» **Data**

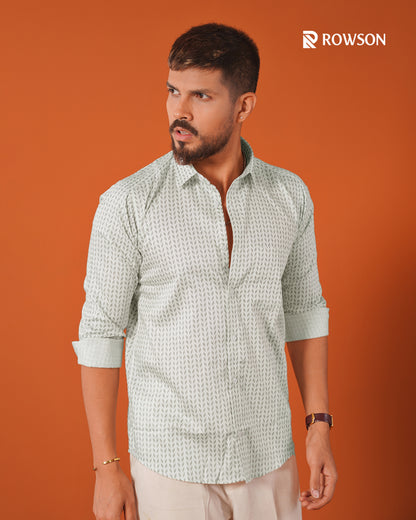 Sage Weave Signature Full Shirt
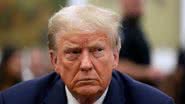 O Ex-presidente dos Estados Unidos, Donald Trump, pagou fiança de US$ 175 milhões - Seth Wenig / Pool / Getty Images
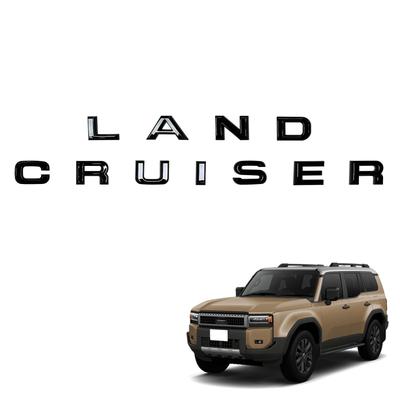 HUDIY Nová řada Land Cruiser 250 Přední LAND CRUISER řady 250 2024 Kapota Logo auta ABS 3D Vlastní Vnější Včetně japonského návodu k použití Emblém,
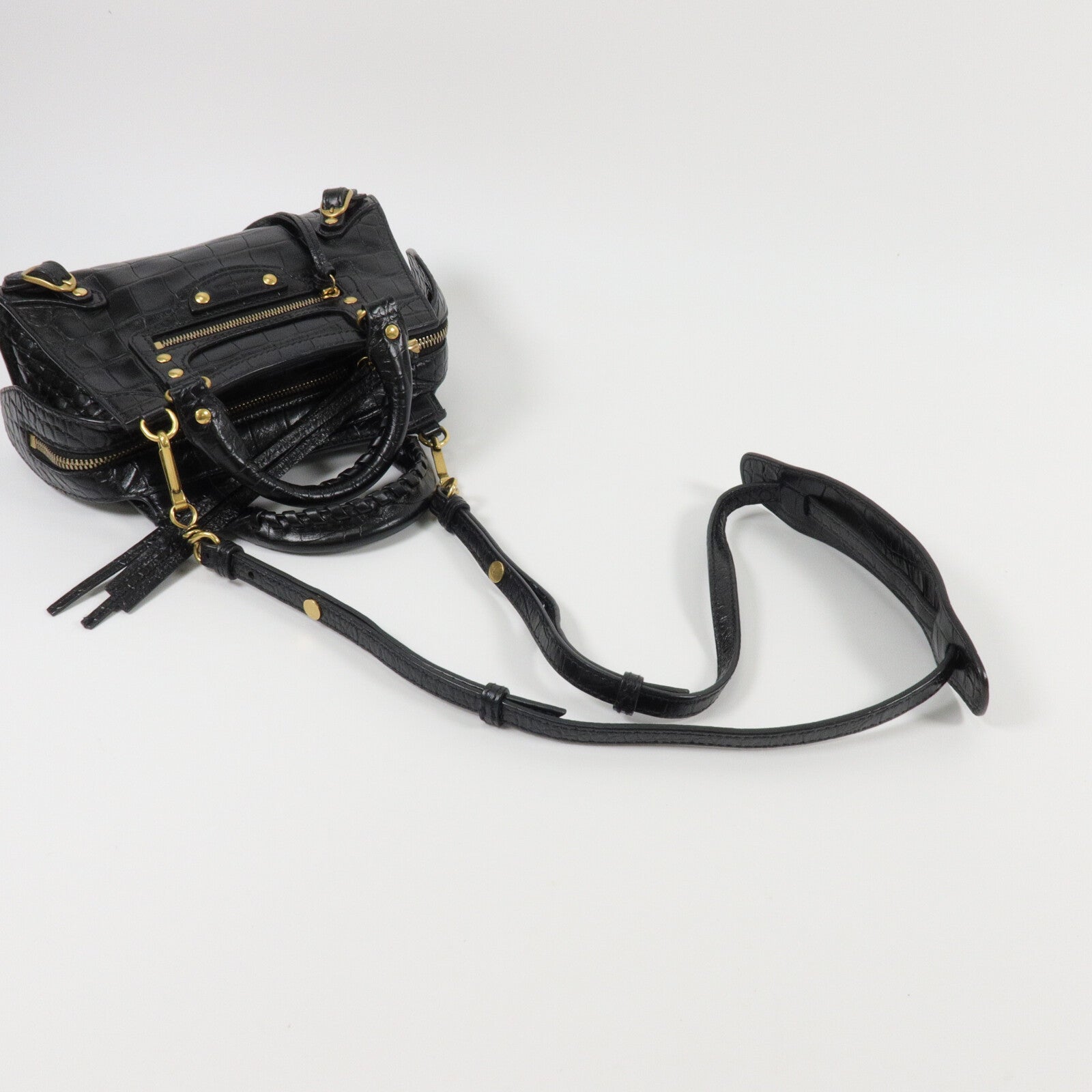 BALENCIAGA 牛皮皮革Neo Classic City Mini手挽肩背兩用袋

» **Aim of the task**
Repeat the material exactly. Skip the images.

» **Response for this exercise**
 Sage Weave Signature Full Shirt
 O Ex-presidente dos Estados Unidos, Donald Trump, pagou fiança de US$ 175 milhões - Seth Wenig / Pool / Getty Images
 HUDIY Nová řada Land Cruiser 250 Přední LAND CRUISER řady 250 2024 Kapota Logo auta ABS 3D Vlastní Vnější Včetně japonského návodu k použití Emblém,
 BALENCIAGA 牛皮皮革Neo Classic City Mini手挽肩背兩用袋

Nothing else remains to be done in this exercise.